Slice and brown the chicken in fat; when nicely browned add a glass of soup, one onion, a carrot, some thyme and parsley, a small piece of garlic and one small green onion; let it cook for a little while; then add mushrooms and cook an hour or so longer; if you like, add a little chopped parsley.
Madame Meyer.
(Mushrooms with the chicken or leg of lamb, but not with rabbit.) Carve the same as you do for the Saute, and brown in sweet oil; then add pepper, salt and mushrooms; before adding the mushrooms to the marangot, brown them. When it is done, add a little tomato sauce, and decorate with toasted bread or fried eggs. In both of the above recipes you cut the meat or fowl the same as for any stew.
Madame Meyer.
Scald the estragon (estragon is an herb). Take the liver of the chicken, chop it very fine, adding pepper and salt and a piece of butter. To this add the estragon and work them well together; then fill the chicken with it, and put it in the oven, with butter and a little lard, until it is nicely browned; after it is nicely browned you wrap it in white cooking paper; baste it very often until it is done.

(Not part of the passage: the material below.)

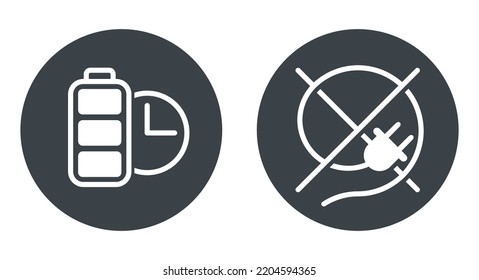 Long battery life and Cordless technology - icons set for devices with built-in power supply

For the sauce, chop some estragon fine, add a little butter and flour; after they are well mixed, the yolk of one egg, a little soup, pepper and salt to taste, and just a little vinegar.
Madame Meyer.
To a dozen pigeons take a bottle of olives, cut them as well as you can from the stones, and chop very fine with the livers of the pigeons; add bread crumbs, and season with thyme, ginger, pepper and salt; stuff the pigeons with this mixture and sew them up; rub some seasoning into them and wrap in grape leaves, so as to completely cover each one; then set aside. Brown some flour in a large lump of butter in a stew pan, and add some soup; put the pigeons in and stew till done; take off the grape leaves and dish.